-Year in Summary/What Did Win-
So, I mentioned in the closer for my first Judging Oscar segment that, against the quality of the films in the 1st ceremony, it could only go up from there. If you’ll excuse the vernacular, holy shit was I wrong. It seems even the meager level of craftsmanship displayed in the 1st ceremony couldn’t hold up to the advent of sound. Even though technically there were no actual nominations for Best Picture, the films listed being those that were “considered” for the award by a panel of judges, the nominations that year were apparently considered solely for being sound films over actual greatness, with the exception of Ernst Lubitsch’s The Patriot, which is now a lost film, and thus probably wasn’t as viable a nominee as the others turned out to be.
Sound shenanigans aside, The Broadway Melody won the big one, becoming what would be the first film to win Best Picture without winning any other award. Actually, every film that won this year won one category and no others, the only time in Academy history that this would happen; likely because the categories were trimmed this year to a scant seven. This would also be the last time the winners would be decided by a panel of judges, since claims of favoritism and rigging of certain awards would force the Academy to adopt a one-member-one-vote policy.
-Ranking the Nominees-
-Good God, why does Alibi continue to exist? I was completely unprepared for how bad this film actually was, probably because most of the other reviews and material I’d read about it handled the film with kid gloves, as if this wasn’t an actual attempt to make a good movie but some pre-schooler’s first finger painting on celluloid. The restoration was awful, sure, but the film’s inherent problems are so numerous and blatant that I could not believe this had been nominated/considered at all; this feels like a My First Sound Picture by an unmodest and untalented film school wannabe/reject instead of a major studio production. Get this outta here.
-Get this one outta here as well. The Hollywood Revue of 1929 just doesn’t belong here; it’s not a film, it’s a vaudeville show on the silver screen. Nothing about this does the Best Picture of the year make, even if it was, at the time, well liked and brought in a good amount of money. Pass.
-At least with In Old Arizona we’re getting into somewhat familiar territory, even though in virtually any other year this wouldn’t have seen a nomination either. It forgoes the route of being an actual film in favor of showing off the fact that it can capture scenes of dialogue and sound effects outside instead of in a controlled studio, and unfortunately, what it ends up forgoing by doing this is basic things almost any film should have, like story and narrative and entertainment value. The Academy can do better… or can they?
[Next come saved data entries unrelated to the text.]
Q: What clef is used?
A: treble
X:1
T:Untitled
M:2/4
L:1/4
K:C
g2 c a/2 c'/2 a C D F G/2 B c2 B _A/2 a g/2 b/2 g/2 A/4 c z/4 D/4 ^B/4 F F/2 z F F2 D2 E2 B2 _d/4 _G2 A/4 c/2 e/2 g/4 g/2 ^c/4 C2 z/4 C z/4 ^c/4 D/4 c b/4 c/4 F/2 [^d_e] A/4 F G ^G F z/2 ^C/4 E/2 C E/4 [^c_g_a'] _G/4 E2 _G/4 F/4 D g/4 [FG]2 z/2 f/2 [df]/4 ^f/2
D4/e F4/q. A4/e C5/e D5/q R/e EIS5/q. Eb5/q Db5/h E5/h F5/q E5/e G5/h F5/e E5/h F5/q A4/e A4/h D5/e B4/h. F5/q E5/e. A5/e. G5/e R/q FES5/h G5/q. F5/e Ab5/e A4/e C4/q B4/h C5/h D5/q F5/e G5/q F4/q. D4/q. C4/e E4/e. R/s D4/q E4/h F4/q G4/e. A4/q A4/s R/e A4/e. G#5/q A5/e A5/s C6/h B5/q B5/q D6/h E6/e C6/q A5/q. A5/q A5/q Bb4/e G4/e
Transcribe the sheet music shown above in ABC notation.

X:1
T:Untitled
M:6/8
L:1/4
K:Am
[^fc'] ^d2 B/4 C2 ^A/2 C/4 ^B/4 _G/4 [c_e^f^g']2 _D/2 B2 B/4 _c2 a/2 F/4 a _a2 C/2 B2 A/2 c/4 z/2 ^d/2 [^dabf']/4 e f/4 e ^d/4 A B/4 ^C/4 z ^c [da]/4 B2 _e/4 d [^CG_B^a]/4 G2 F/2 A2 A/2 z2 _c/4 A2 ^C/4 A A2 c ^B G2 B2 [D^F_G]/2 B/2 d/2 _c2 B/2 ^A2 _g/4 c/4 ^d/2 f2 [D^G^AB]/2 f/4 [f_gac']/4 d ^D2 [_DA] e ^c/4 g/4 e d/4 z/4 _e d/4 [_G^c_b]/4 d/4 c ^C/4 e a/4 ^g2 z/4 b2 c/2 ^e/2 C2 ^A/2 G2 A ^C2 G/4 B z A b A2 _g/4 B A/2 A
-The Patriot being lost, I’m forced to give this to essentially the last film standing. The Broadway Melody may very well be the worst film to ever win this award, but sadly (incredibly so), it was the best film this year; at least among the nominees, or films considered. That said, I enjoyed it more than I thought I would enjoy a film branded with the mark of Worst Ever to Win Best Picture; watch it in the timeframe it was released in, and it’s got some stuff going for it. But that’s about it.
-What Should Have Won/What I Would’ve Picked-
Well, considering that there were no official nominees, only judge-evaluated films, anything could’ve reasonably won. Buster Keaton would see the release of probably his two last great films, Steamboat Bill, Jr. and The Cameraman, which might’ve stood a shot had the Academy not been so sound-centric. Same with The Docks of New York. The foreign front didn’t seem to have much to offer, save one exception, and had I had a vote that year and seen the film (if it even had an American release), my vote for the best picture of the year would have absolutely gone to Carl Th. Dreyer’s The Passion of Joan of Arc.